Read notes on "Finches - Non Australian" web page and use in conjunction with details outlined on this page.

Level Of Knowledge Required: Beginner / Intermediate / Advanced / Specialist Breeders Only.

Government Regulations & By-Laws: Refer to "Government Laws" web page.

Housing Requirements:  Click on "Housing birds" web page for general details on the housing of Non Australian Finches or read on for specific details for this finch.

May be kept with other finches but with their rarity in Australian aviaries it would be best to give them an aviary of their own.

The Green strawberry finch is generally non-aggressive and do well in mixed collections in large aviaries but can also be bred as one pair in large canary style breeder cage.

In an aviary situation the aviary should be fully roofed.  This will minimize the risk of loss of adult birds, fledglings or eggs from extremes of weather.  The better the control of the environment, potentially the better the chances of good breeding results occurring.  The birds should be encouraged to build their nest in the rear half of the aviary.

Diet / Feeding:  Click on "Feeding birds" web page for general details on the nutrition of  Non Australian Finches or read on for specific details for this finch.

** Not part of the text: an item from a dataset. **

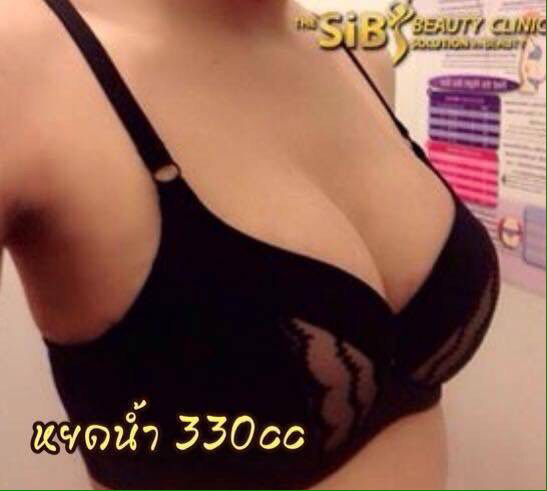 เสริมหน้าทรงกลม ทรงหยดน้ำ กับหมอดารินทร์ รูปที่ 1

The Green strawberry finch requires a good quality finch mix and seeding grasses.  Sprouted or soaked seed if available.  Their favourite sprouted or soaked seed is White French millet.  Live food is not essential when the birds are not breeding but is an essential food requirement during the breeding season.  Mealworms are ideal.  Termites are a favourite if available.  Fly maggots are often fed.

Basic seed mix should include Canary seed, White French Millet, Japanese Millet, and Yellow and Red Panicum.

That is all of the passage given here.